• **REQUIRED ACTION**
Copy verbatim the span of lines beginning at the line that contains "Ruban de soie" and ending with the final line of the data. Exclude pictures from the copy.

• **COLLECTED MATERIAL**
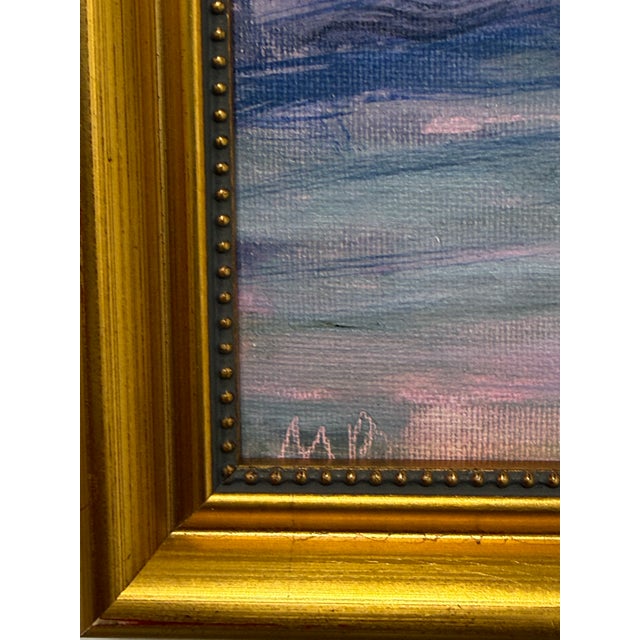 Abstract Cloud Covered Blue Skies on the Beach Painting, Framed For Sale - Image 10 of 12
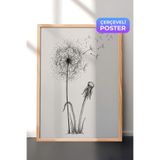 Zestia Ahşap Çerçeveli Duvar Tablosu Karahindiba Çiçeği Siyah Beyaz Çizim Salon Dekoru, 21 x 30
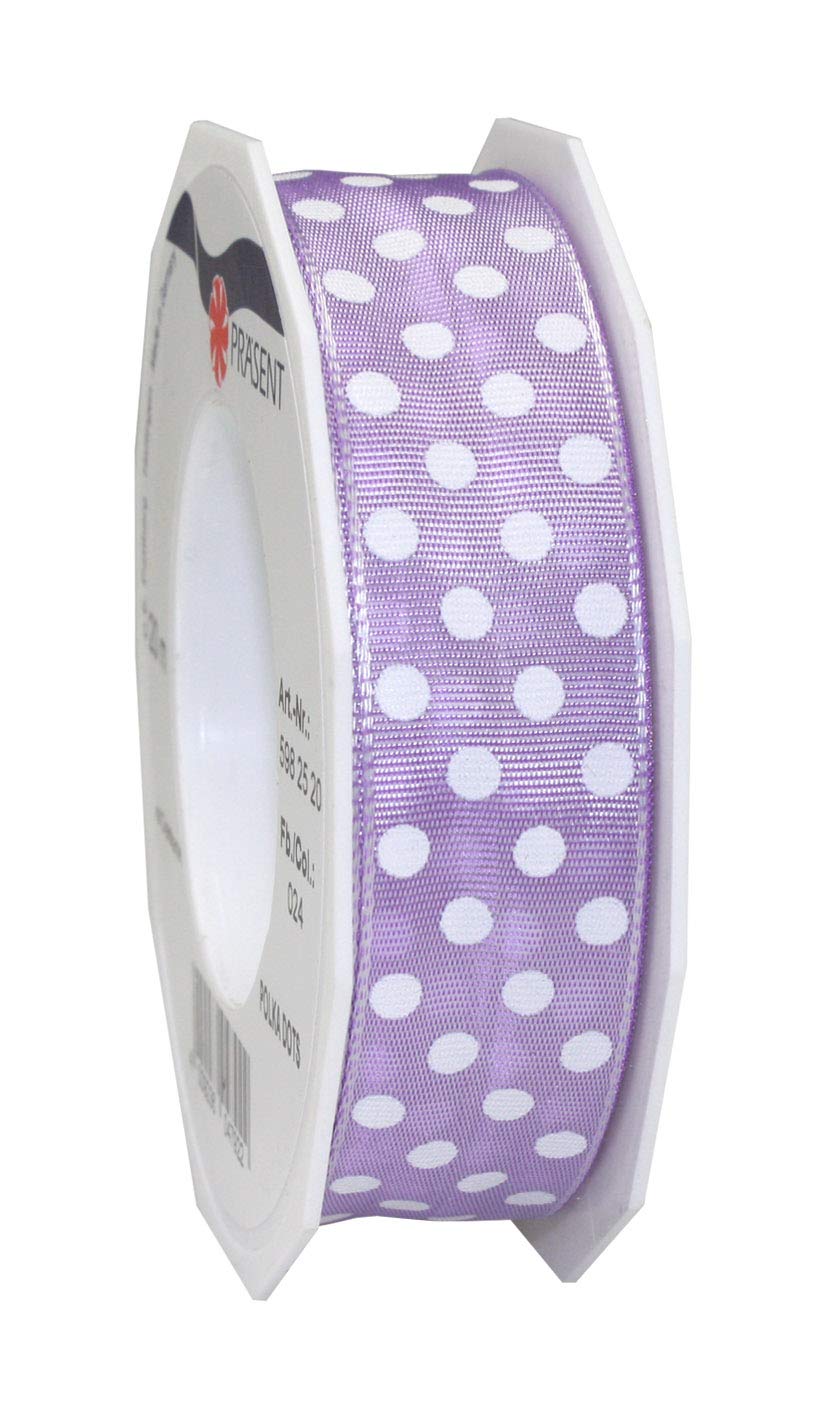 Ruban de soie Syringa/White large de 40mm pour emballage cadeau et art floral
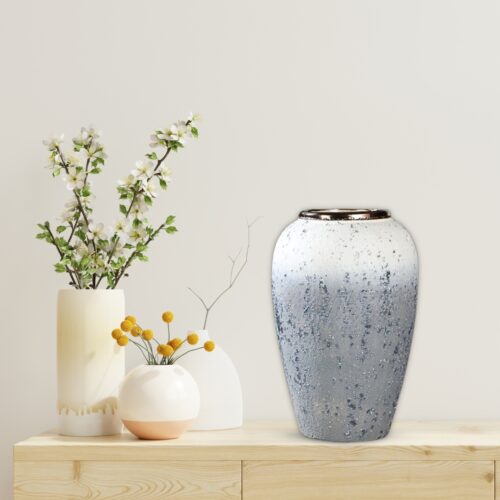 35x17cm White Grey Large Ceramic Flower Vase Elegant Living Room Decor - Image 5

• **SOLUTION FOR THIS EXERCISE**
 Ruban de soie Syringa/White large de 40mm pour emballage cadeau et art floral
 35x17cm White Grey Large Ceramic Flower Vase Elegant Living Room Decor - Image 5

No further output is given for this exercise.